The Jolly Roger Telephone Company is one such service and it was created by a guy who had enough when a telemarketer got aggressive with his son. So he created a voicebot to keep the telemarketers chasing their tails. Then he wrote up instructions on his blog so other people could use it. Basically, when the telemarketer asks for you, say, “Just a minute” and then loop in the bot’s phone number on an Add Call or three-way call. The Jolly Roger Phone Company has a lively YouTube page full of real encounters with telemarketers. The site has US, UK and Australian numbers to use for the bot.

A similar Canadian bot called Lenny, which uses recordings that sound like a rambling old Australian man, has even busted political fundraisers. Lenny also has his own YouTube channel.

So here’s to all the creative types who fight telephone abuse! And since this is March already, don’t let your guard down against the annual surge of scammers pretending to be from the IRS either by phone or phish. And if you get a live fake IRS call — just give ’em a free cruise on the Jolly Roger.

Tech Term of the Week: Cramming

Let me be perfectly clear from the outset, I am not condoning illegal activity nor am I suggesting that those folks who make a parasitic living by cheating hardworking people out of their money should be admired or presented as role models in any way. Furthermore, I am certainly not looking to be controversial with this particularly embarrassing admission: I’ve always had a grudging respect for scammers.

Connivers, tricksters, you know the type. The sociopaths that dedicate their lives to finding new and inventive ways to sell suckers a box full of rocks. I can’t help but be impressed by their complete lack of scruples.

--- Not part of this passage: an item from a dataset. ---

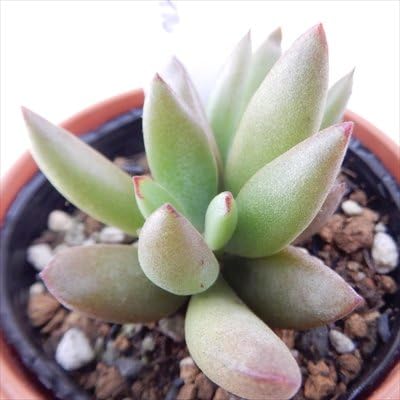 Amazon Hmコチレドン モンキーネイル 多肉植物 コチレドン 6cmポット 観葉植物 オンライン通販 Amazon Hmコチレドン モンキーネイル 多肉植物 コチレドン 6cmポット 観葉植物 オンライン通販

I guess that speaks volumes about me but hey, I’m just keeping it real.

This week’s Tech Term is cramming and from my introduction it’s pretty clear that this doesn’t mean studying for an exam at the very last minute. According to the FCC cramming is the practice of placing unauthorized, misleading or deceptive charges on your telephone bill. Crammers rely on confusing telephone bills in an attempt to trick consumers into paying for services they did not authorize or receive, or that cost more than the consumer was led to believe.

Ooooohhh, rascally!

The charges are often for non-basic services such as Caller ID or Voice Mail but more recently text message cramming has become popular on mobile devices. Slick SMS services will text you with an offer for their product but buried in the message will be an opt-out option. You will be billed for the service unless you respond to the text.

Tricksy, very tricksy

You know, crammers really do give con-men a bad name. Where’s the artistry? This scam shows no creativity at all. No need to lay on the charm, no elaborate rouse to gain the trust of a mark. Crammers simply rely on the majority of us that rarely, if ever, analyze our phone bills and just pay. According to The New York Times a U.S. Senate committee investigation into land-line cramming put the dollar amount at $2 billion a year. That’s BILLION, with a B.

Obviously an excellent way to protect yourself from getting crammed is by going over your phone bills every month and immediately disputing any suspicious charges. If you’ve been the victim of cramming you can file a complaint with the Federal Communications Commission or the Federal Trade Commission if you see suspect non-telephone services on your telephone bill.

Cramming, your Pop Tech Jam tech term of the week.